Multi-stage fanning pipeline using Ray: Queues + Actors vs. Workflows

I have built a multi-stage pipeline using Ray. The first stage takes a single input from the calling process and generates N inputs. The next stage consumes those N inputs and returns their results to the original calling process.

I have implemented this using Ray Actors and Queues. Here is a toy example with trivial computation:

import ray
from ray.util.queue import Queue

num_queue = Queue(maxsize=100)
str_queue = Queue(maxsize=100)
out_queue = Queue(maxsize=100)


@ray.remote
def append_a(get_queue: Queue, put_queue: Queue):
    while num := get_queue.get(block=True):
        print(f"got work {num}")
        put_queue.put(f"{num}a")


@ray.remote
def append_b(get_queue: Queue, put_queue: Queue):
    while num_str := get_queue.get(block=True):
        print(f"got work {num_str}")
        for i in range(3):
            put_queue.put(f"{num_str}{i}b")

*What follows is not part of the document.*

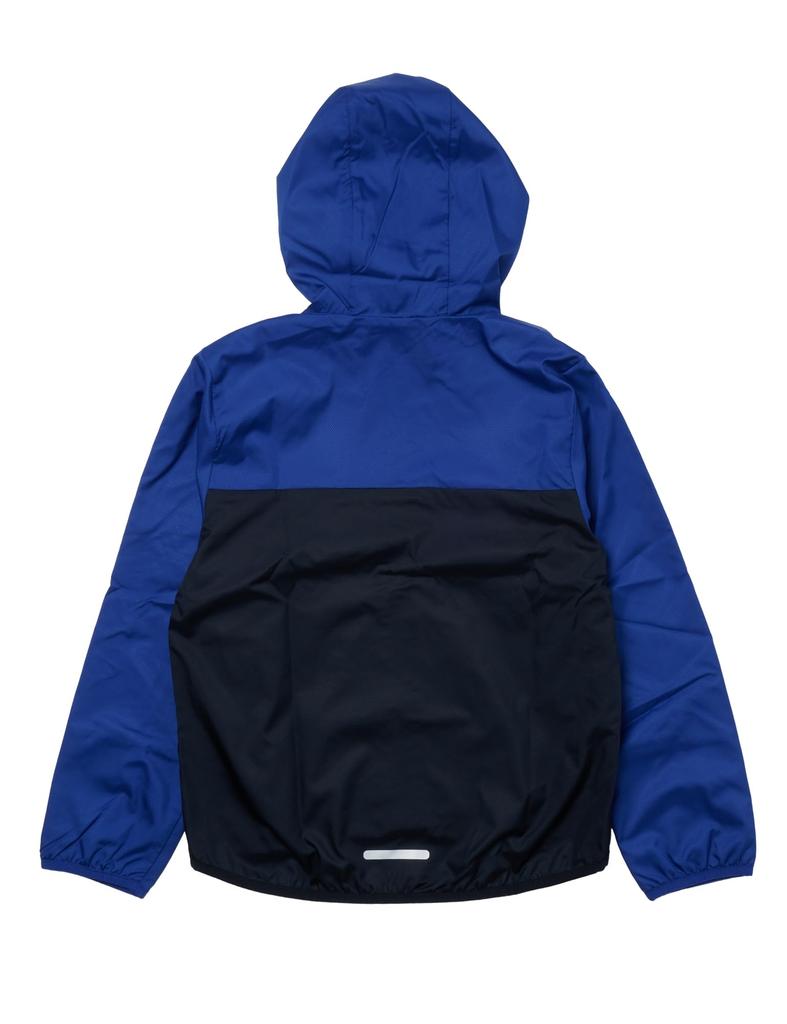 Adidas Tiberio Size Ink Size 160 Kids' Windbreaker, Unisex, JTH14, Semi-Silent Blue/Clear Sky/Legend (IV9514),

# create two workers for each stage
for _ in range(2):
    append_a.remote(num_queue, str_queue)
    append_b.remote(str_queue, out_queue)


# submit to queue
for i in range(10):
    num_queue.put(str(i))


# retrieve results
for i in range(10*3):
    print(out_queue.get())

Using Queues and Actors does work, but if feels fragile/awkward:

  1. Queue capacity and actor state are not easily monitorable via the Ray dashboard.
  2. Manually creating actors prevents Ray from auto-scaling in response to queue pressure.
  3. If an actor fails, it’s difficult for the original calling process to respond accordingly. Instead, my original calling process can get stuck waiting at out_queue.get()

Is there some other way to accomplish persistent actor/consumer which automatically scales? Is this the use-case for Ray Workflows, which is still in alpha? Should I be using Ray in combination with AirFlow instead?

cc @yic can you answer this question?

For this kind of streaming topology, you can try Dataset Pipelines — Ray v1.9.2

It would look something like this

def source():
    for i in range(100):
        yield ray.data.from_items(["input", "items", "for", "batch"])

pipe = DatasetPipeline.from_iterable(source) \
    .map(append_a) \
    .map(append_b) \

for output in pipe.iter_rows():
    print(output)

It even handles more complicated pipelines!

import ray

def prepend_a(val):
    # somehow only called once!
    print("a", val)
    return f"a{val}"

def append_b(val):
    return f"{val}b"

def append_c(val):
    return f"{val}c"


data = ray.data.from_items([str(i) for i in range(10)])

a_appended = data.map(prepend_a)
final_b = a_appended.map(append_b)
final_c = a_appended.map(append_c)

for bb, cc in zip(final_b.iter_rows(), final_c.iter_rows()):
    print(bb, cc)